WHAT THIS TASK INVOLVES:
Look below for the line with "Кросівки Asics Gel-NYC" and the line with "Vista 11 de". Copy exactly those two lines and every line between, but not the pictures.

Caption-style text data
———

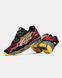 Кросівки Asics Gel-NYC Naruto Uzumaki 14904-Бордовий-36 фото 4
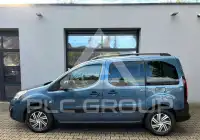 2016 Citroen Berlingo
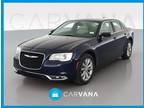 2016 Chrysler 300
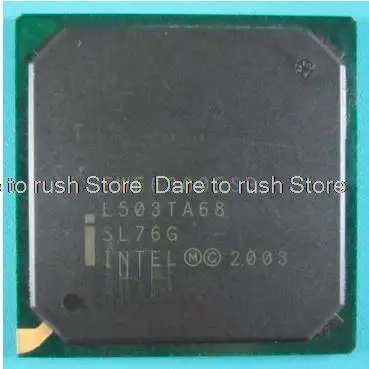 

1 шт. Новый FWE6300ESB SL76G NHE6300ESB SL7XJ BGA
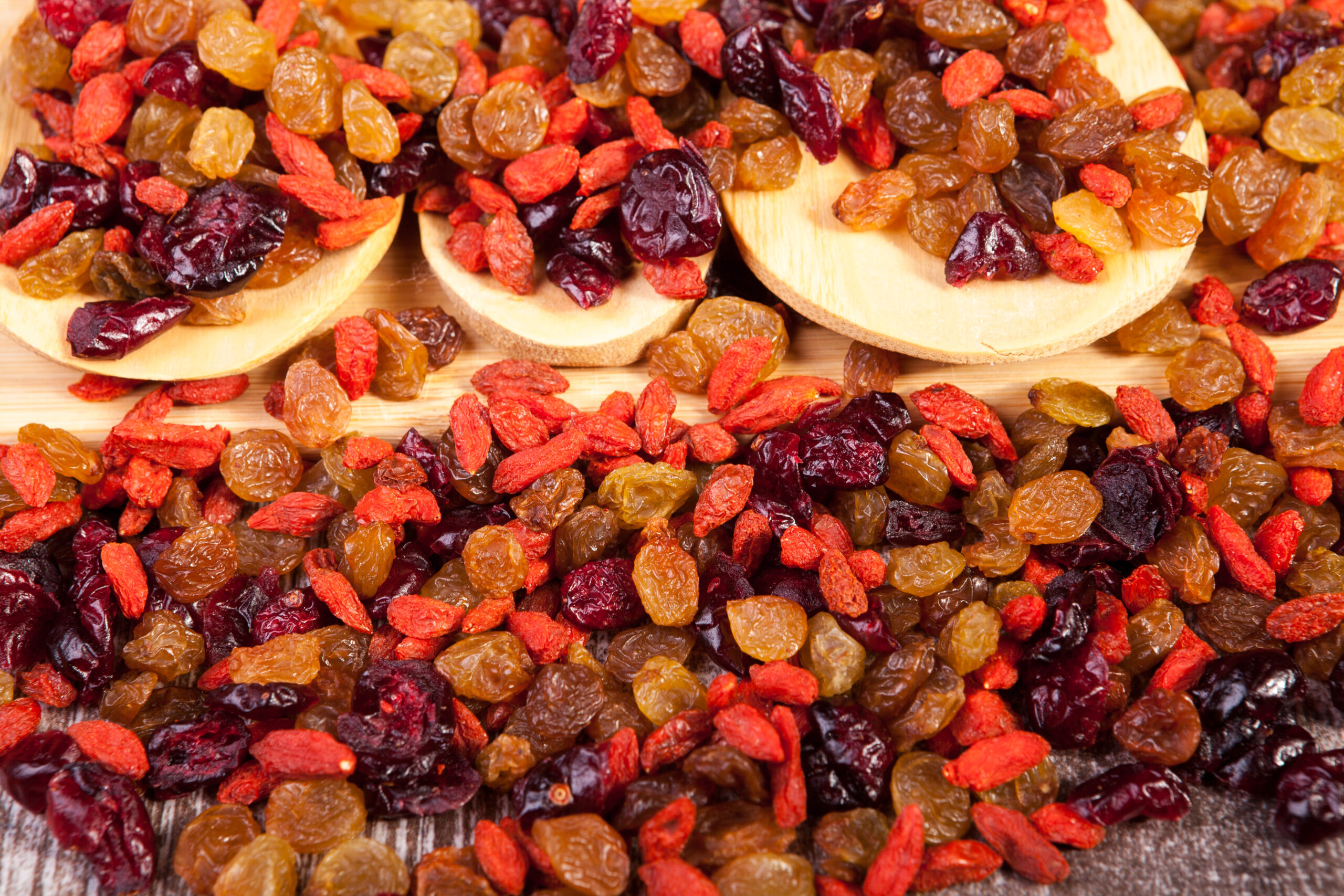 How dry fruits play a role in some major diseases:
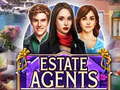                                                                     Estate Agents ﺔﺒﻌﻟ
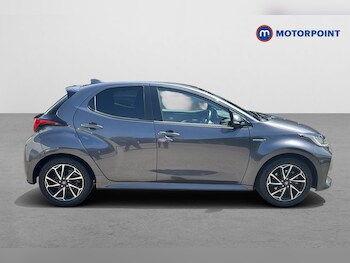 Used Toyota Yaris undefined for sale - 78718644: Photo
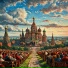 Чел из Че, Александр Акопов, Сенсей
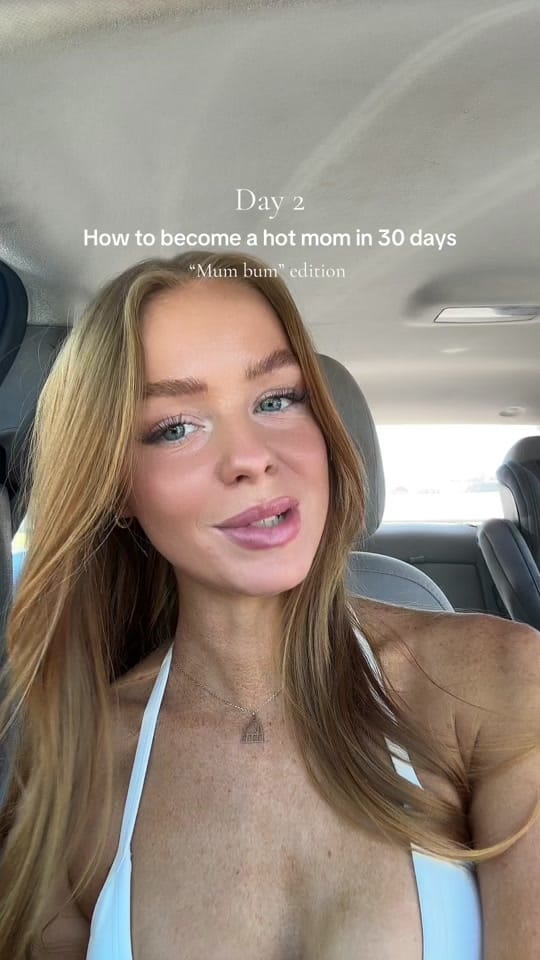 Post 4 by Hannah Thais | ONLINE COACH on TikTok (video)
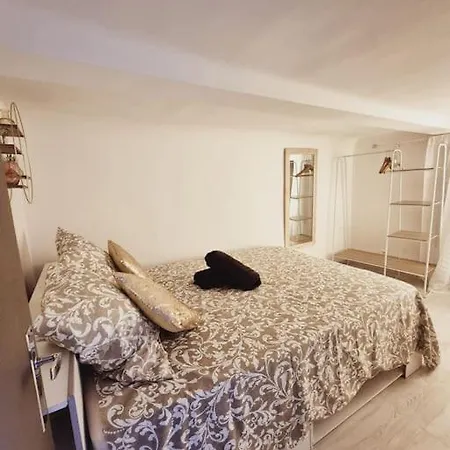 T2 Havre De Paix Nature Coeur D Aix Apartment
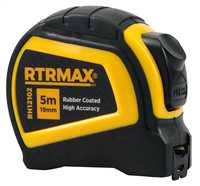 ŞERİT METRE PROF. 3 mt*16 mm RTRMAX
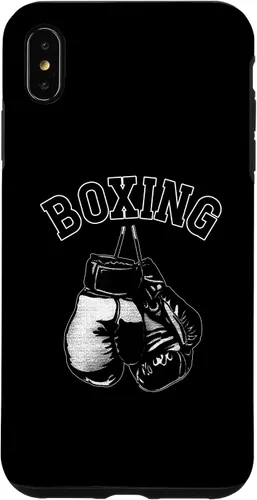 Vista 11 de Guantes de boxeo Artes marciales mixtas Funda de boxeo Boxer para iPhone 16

———

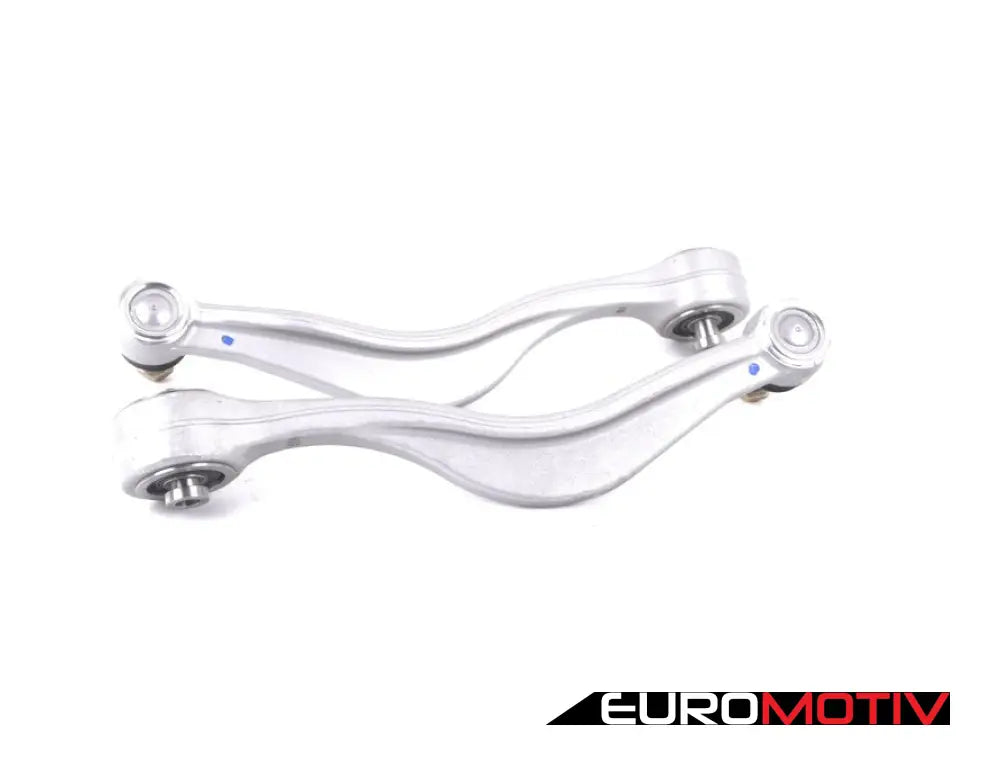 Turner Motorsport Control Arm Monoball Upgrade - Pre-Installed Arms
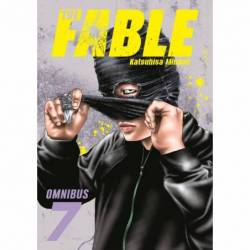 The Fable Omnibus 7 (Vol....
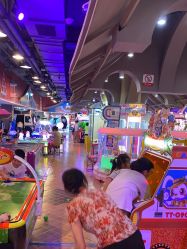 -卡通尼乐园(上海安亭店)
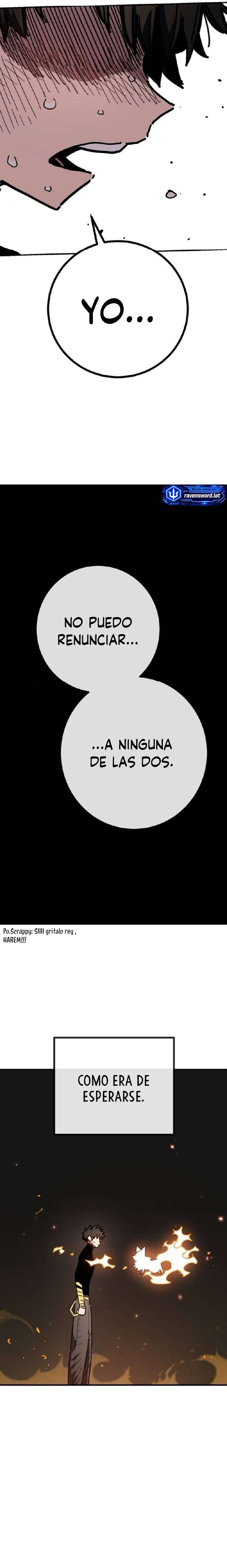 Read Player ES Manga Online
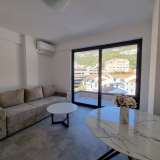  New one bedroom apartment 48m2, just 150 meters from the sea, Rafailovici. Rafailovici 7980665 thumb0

———

WRITTEN SOLUTION:
 Кросівки Asics Gel-NYC Naruto Uzumaki 14904-Бордовий-36 фото 4
 2016 Citroen Berlingo
 2016 Chrysler 300

1 шт. Новый FWE6300ESB SL76G NHE6300ESB SL7XJ BGA
 How dry fruits play a role in some major diseases:
                                                                     Estate Agents ﺔﺒﻌﻟ
 Used Toyota Yaris undefined for sale - 78718644: Photo
 Чел из Че, Александр Акопов, Сенсей
 Post 4 by Hannah Thais | ONLINE COACH on TikTok (video)
 T2 Havre De Paix Nature Coeur D Aix Apartment
 ŞERİT METRE PROF. 3 mt*16 mm RTRMAX
 Vista 11 de Guantes de boxeo Artes marciales mixtas Funda de boxeo Boxer para iPhone 16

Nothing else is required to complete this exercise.